SABCS 2017: Postmenopausal Women Who Lose Weight May Have Reduced Breast Cancer Risk

Key Points

  • Of the 61,335 patients enrolled in the study, 3,061 developed invasive breast cancer during an average of 11.4 years of follow-up.
  • Compared with women with stable weight, those who lost weight (≥ 5% weight change) were 12% less likely to develop breast cancer following multivariable analysis.
  • Weight loss of ≥ 15% was associated with a 37% reduction in breast cancer risk.   
  • Although weight gain (≥ 5% weight change) was not associated with an increased overall breast cancer risk, it was associated with more than a 50% increased risk of triple-negative breast cancer.

Postmenopausal women who lose weight may have a significantly reduced chance of developing breast cancer, according to data presented by Chlebowski et al at the 2017 San Antonio Breast Cancer Symposium (Abstract GS5-07).

“Breast cancer is among the leading types of cancer and causes of death in American women,” said Rowan Chlebowski, MD, PhD, Research Professor in the Department of Medical Oncology and Therapeutics Research at City of Hope in Duarte, California. “Obesity rates have been increasing in the United States. We wanted to determine if there was a link between obesity and breast cancer risk.”

Several studies have associated high body mass index (BMI) with increased breast cancer risk, noted Dr. Chlebowski. Although this risk factor is largely preventable, it is estimated that more than 65% of American women are overweight or obese. 

“We wanted to determine if weight loss was associated with lower breast cancer incidence, as studies have not been able to consistently show that losing weight reduces the risk of breast cancer,” said Dr. Chlebowski. Past studies have been limited to analyses with self-reported measurements, whereas the prospective study conducted by Dr. Chlebowski and colleagues utilizes a short-term, 3-year period of measured body weight and height followed by a long period of follow-up. 

Study Details

Dr. Chlebowski and colleagues analyzed data from the Women’s Health Initiative Observational Study. This program tracks the health of postmenopausal women between the ages of 50 and 79 years. Participants who had a normal mammogram, no prior breast cancer, and were not underweight (BMI ≥ 18.5 kg/m2) were eligible for enrollment in the study. Measurements for height and weight were obtained upon enrollment, and measurements were reassessed 3 years following. 

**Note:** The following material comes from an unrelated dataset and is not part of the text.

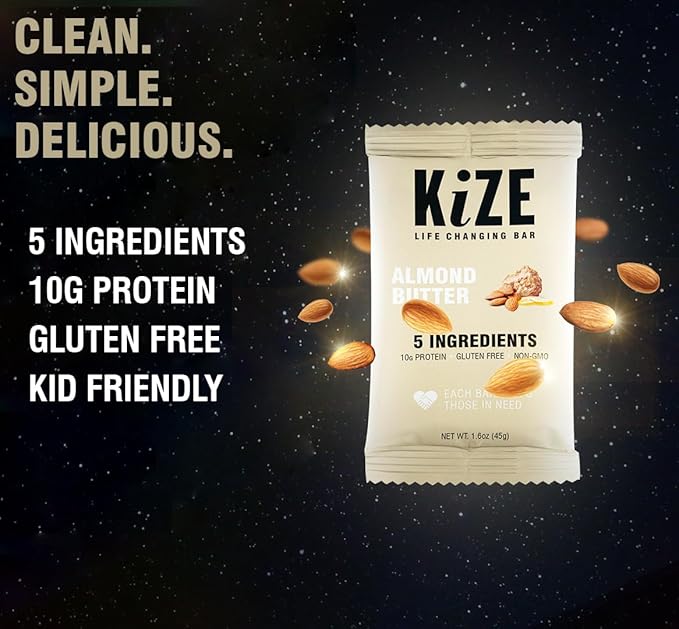 KiZE Energy Bars - Gluten Free, Dairy Free, Non-GMO, and High Protein Meal Replacement Energy Bars, Meal Bar, Clean and Simple Food Ingredients - Almond Butter, 10g High Protein Snacks, (20 Count)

At baseline, 41% of women were of normal weight, 34% were overweight, and 25% were obese. 

Of the 61,335 patients enrolled in the study, 3,061 developed invasive breast cancer during an average of 11.4 years of follow-up. Compared with women with stable weight, those who lost weight (≥ 5% weight change) were 12% less likely to develop breast cancer following a multivariable analysis. Weight loss of ≥ 15% was associated with a 37% reduction in breast cancer risk.   

“In the 3-year window of the study, relatively modest weight loss was associated with significant lowering of breast cancer incidence,” said Dr. Chlebowski. “From this study, we have evidence that a weight loss strategy can be effective in lowering breast cancer risk in postmenopausal women.”

Although weight gain (≥ 5% weight change) was not associated with an increased overall breast cancer risk, it was associated with more than a 50% increased risk of triple-negative breast cancer.

Disclosure: The study was supported by the National Institutes of Health. Dr. Chlebowski is a consultant for Novartis, AstraZeneca, Genentech, and Amgen.

The content in this post has not been reviewed by the American Society of Clinical Oncology, Inc. (ASCO®) and does not necessarily reflect the ideas and opinions of ASCO®.